What you should do:
The line with "help treat HIV." marks where to begin; print it and all lines after it in the material below exactly, skipping pictures.
(Given records Opens)
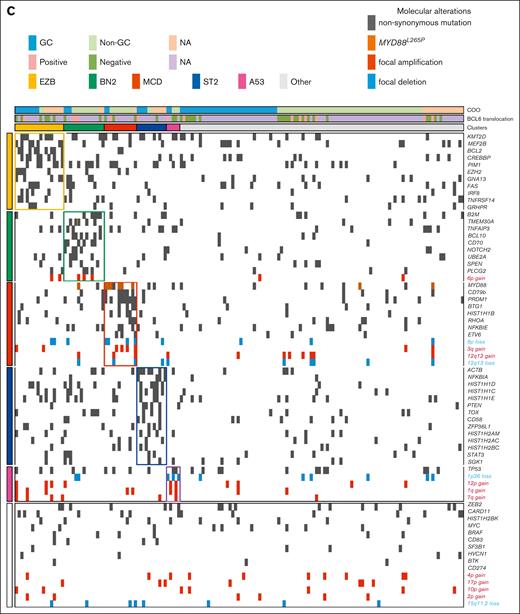 Molecular characterization of patients with DLBCL. (A) Case-level genomic profile of the 77 patients with DLBCL analyzed on ctDNA and on the tissue biopsy. Each column represents 1 patient and each row represents 1 genomic abnormality. Mutations identified on ctDNA are represented in gray, and mutations identified on the tissue biopsy are red. (B) Sankey plot showing the comparison of the assignment of each molecular cluster in the tissue biopsy and on ctDNA. (C) Case-level genomic profile of the 166 DLBCLs analyzed on ctDNA. Each column represents 1 patient and each row represents 1 genomic abnormality. Cell of origin (COO) and/or molecular clusters are plotted above each heat map. GC, germinal center; NA, not available.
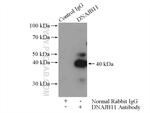DNAJB11 Antibody in Immunoprecipitation (IP)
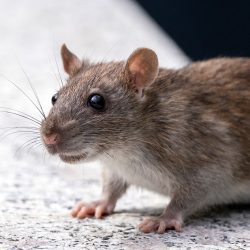 Rattenurine verspreidt een levensbedreigende bacteriële ziekte bij mensen en honden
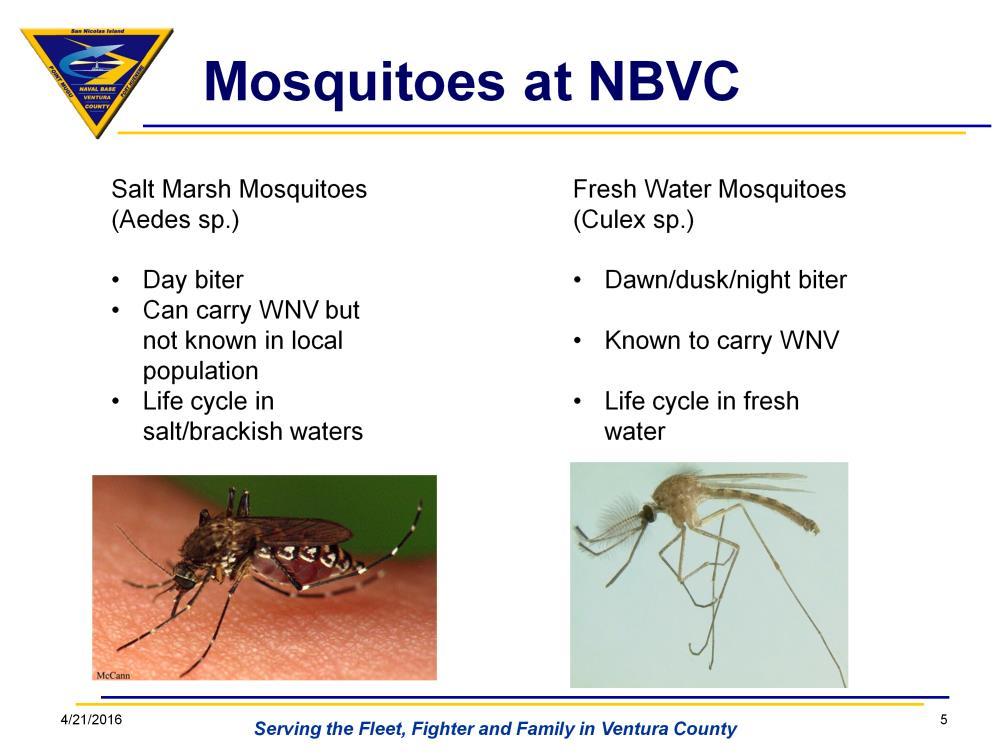 So here are the 2 main types of mosquitoes on base: Salt Marsh and Fresh Water. The salt marsh species are not known to be vectors for most diseases like West Nile Virus (WNV).
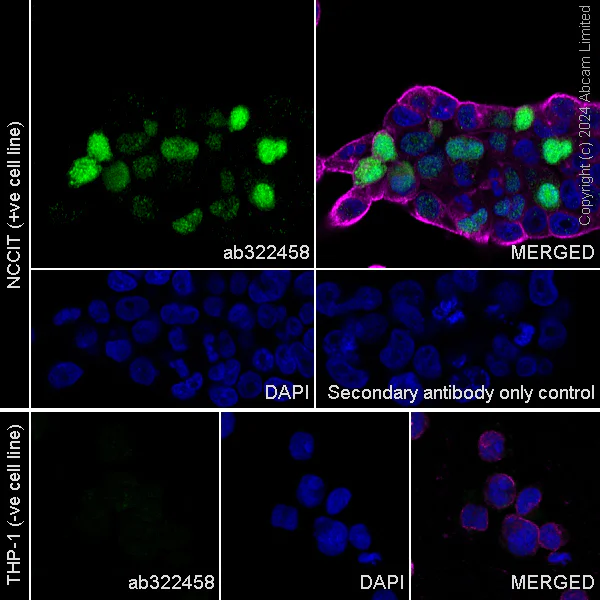 Immunocytochemistry/ Immunofluorescence - Anti-STELLAR antibody [EPR29225-183] (AB322458)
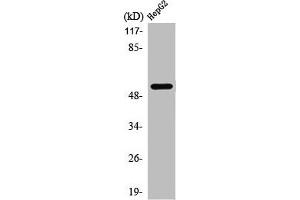 Western Blot analysis of HepG2 cells using PREP-2 Polyclonal Antibody (PKNOX2 Antikörper  (C-Term))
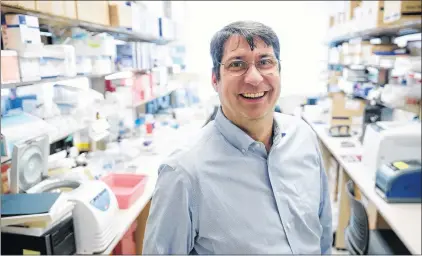  ?? AP PHOTO ?? James Riley, an HIV and gene therapy expert at the University of Pennsylvan­ia, is leading a study of gene therapy to help treat HIV.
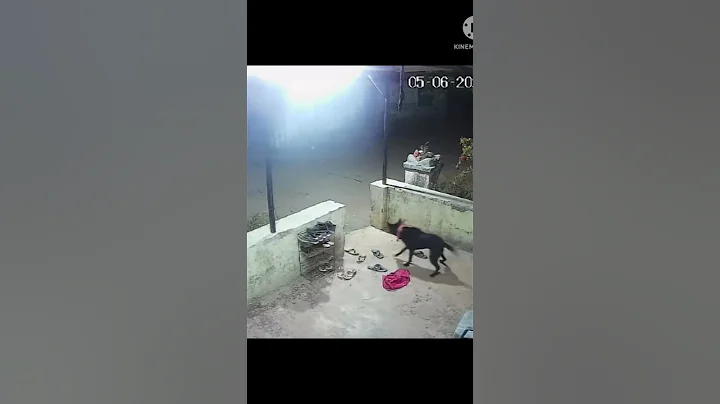 Leopard attacks a pet dog in Maharashtra's Nasik | Watch Shocking Video | Oneindia News *Viral - DayDayNews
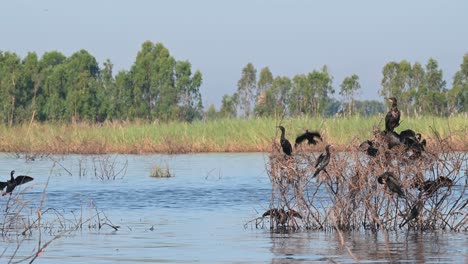 Indischer-Kormoran-Phalacrocorax-Fuscicollis-Am-See-Von-Einem-Fahrenden-Boot-Aus-Aufgenommen,-Während-Sich-Eine-Herde-Unter-Der-Sonne-Sonnt-Und-Andere-Nach-Links-Fliegen,-Bueng-Boraphet-Lake,-Nakhon-Sawan,-Thailand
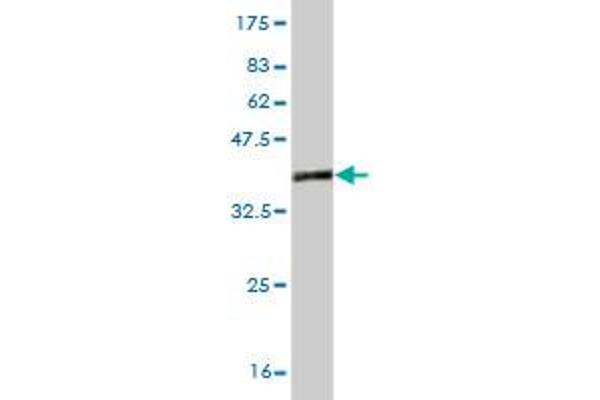 ZIC1 antibody  (AA 2-95)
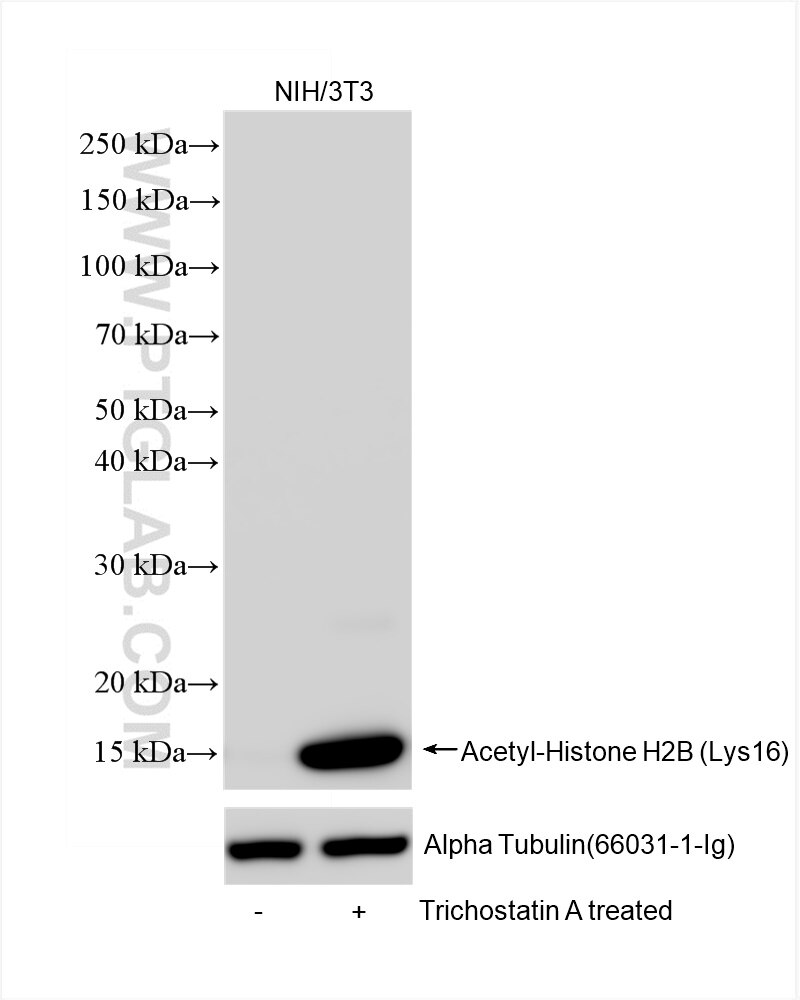 Western Blot (WB) analysis of NIH/3T3 cells using Acetyl-Histone H2B (Lys16) Recombinant antibody (84446-1-RR)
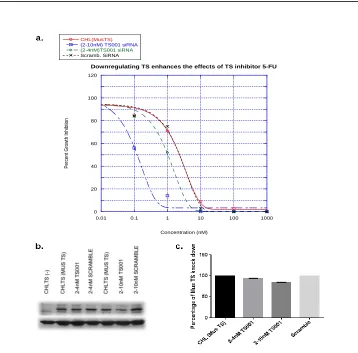 Figure 2.2: Growth Inhibition Assay with siRNA: a. Growth inhibition curve displaying enhancement of sensitivity towards 5-FU in CHL (MUS TS) cells treated with various concentration of siRNA Mus TS sequence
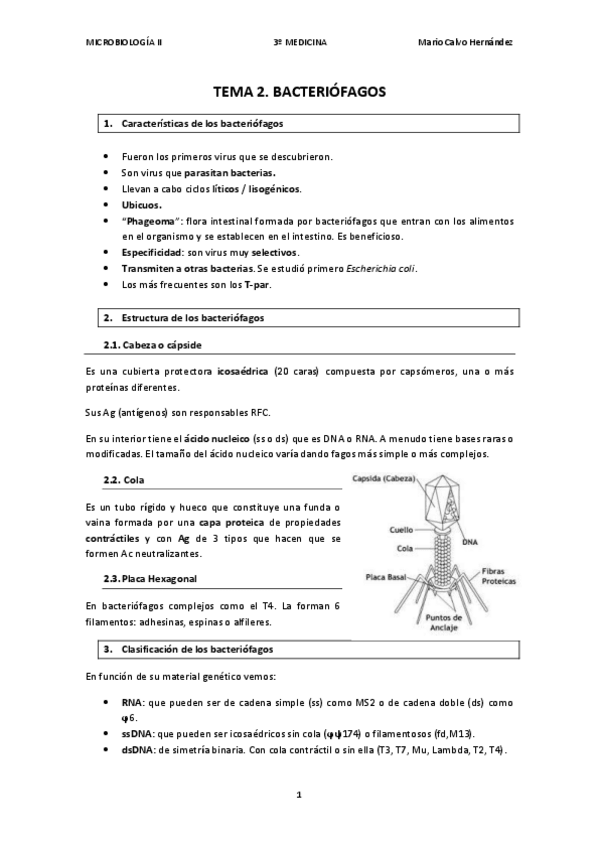 Miniatura del documento TEMA-2-BACTERIOFAGOS.pdf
(Given records Closes)
Result for this task:
  ?? AP PHOTO ?? James Riley, an HIV and gene therapy expert at the University of Pennsylvan­ia, is leading a study of gene therapy to help treat HIV.
 Leopard attacks a pet dog in Maharashtra's Nasik | Watch Shocking Video | Oneindia News *Viral - DayDayNews
 Indischer-Kormoran-Phalacrocorax-Fuscicollis-Am-See-Von-Einem-Fahrenden-Boot-Aus-Aufgenommen,-Während-Sich-Eine-Herde-Unter-Der-Sonne-Sonnt-Und-Andere-Nach-Links-Fliegen,-Bueng-Boraphet-Lake,-Nakhon-Sawan,-Thailand
 ZIC1 antibody  (AA 2-95)
 Western Blot (WB) analysis of NIH/3T3 cells using Acetyl-Histone H2B (Lys16) Recombinant antibody (84446-1-RR)
 Figure 2.2: Growth Inhibition Assay with siRNA: a. Growth inhibition curve displaying enhancement of sensitivity towards 5-FU in CHL (MUS TS) cells treated with various concentration of siRNA Mus TS sequence
 Miniatura del documento TEMA-2-BACTERIOFAGOS.pdf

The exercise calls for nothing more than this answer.